EQ COLLEGEコラム⑩
地域×感情

前回は、「所属している組織や環境を離れて、異なる環境で学ぶ」越境学習によって、人は感情がザワつき、自分の中の既存の枠組みを組み直し(リフレーミング)客観的に自分を見つめ直すということをご紹介したが、多くの越境学習プログラムの舞台となっているのが「地域」だ。
企業等の組織に属する社会人がチームを組んで、課題を抱える地方の市町村を活性化させる提案を行う。ではなぜ、地域なのか?

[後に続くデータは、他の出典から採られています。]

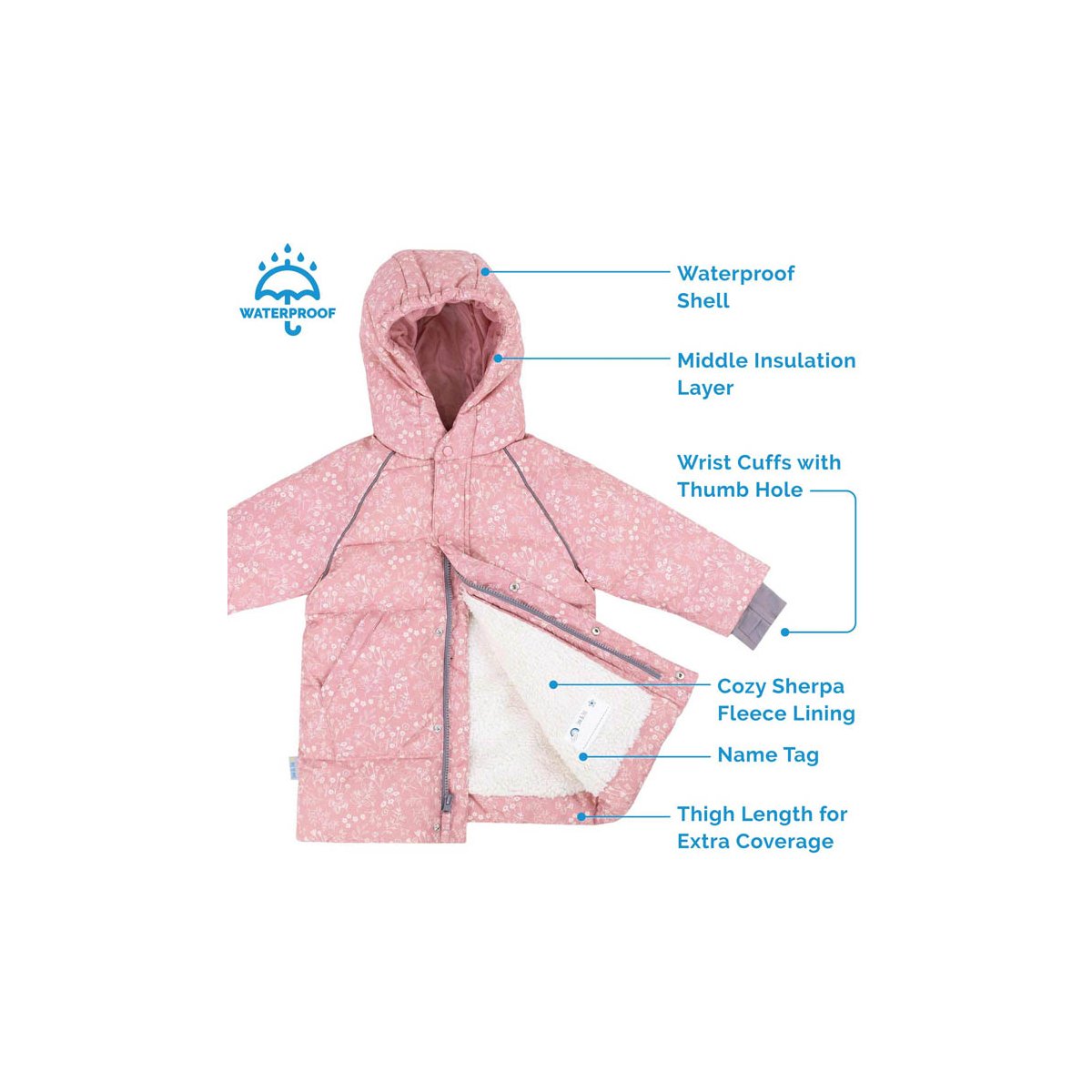 Toasty-Dry Puffy Coat - Prairie Flowers (Waterproof)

農業、林業などを主産業とする地域には、人口減少をはじめとする日本が抱える問題が凝縮されており、一企業、一組織では出会うことのない課題の本質を考える機会となる。また、普段の仕事では接することのない人たちとの交流を通じて「自分・自社の当たり前」が当たり前ではないことに気付く。加えてSDGsに代表されるように、すべての企業が環境課題への対応を避けては通れなくなっており、それは地方自治体との連携抜きには実現できない。企業にとって、越境学習プログラムは自治体とのパイプづくりの機会でもあるのだ。

だが、こうしたプログラムを通じた学びの本質は、現地を訪れフィールドワーク等を体験した時、それまで資料やデータを通じて考えたことが机上の空論に過ぎなかったことを知らされることだ。
地域には、人と人の関係性が希薄になった都会では考えられないほど濃密な感情がうず巻いている。綺麗ごとでは済まされない軋轢(あつれき)もある。隣人が困っていると放ってはおけず、お節介を焼く。かつては、都会の下町にも、そうした濃密な関係性があった。
新型コロナ感染拡大を契機に、都会から地方への移住が急増したが、多くの地域では地域住民と移住者との間の衝突が発生している。そのほとんどは価値観が異なる者同士の「感情のぶつかり合い」だろう。それを正当化するわけではないが、生々しい感情のぶつかり合いを経験することで、人は人であることを自己認識するのではないだろうか。
国連の調査によると、世界の都市圏の人口割合は年々増加傾向にあり、都市人口は2015年の約40億人から2030年に50億人を超え、2040年には60億人まで増加すると推定されている。中でも東京の都市人口は2025年まで世界第1位の予測となっており、埼玉、千葉、神奈川を含む東京圏には日本の総人口の約3割が居住するとされる。
地域の濃密な関係性を苦手として都会に移住した人も多いのも事実だろうが、急速に進む都市への人口集中は、ますます、人と人の関係性を薄めていくだろう。
地域には人本来が持っている感情が流れている。人間性を取り戻すためにも、地域に目を向け地域に学ぶ必要性はますます高まっている。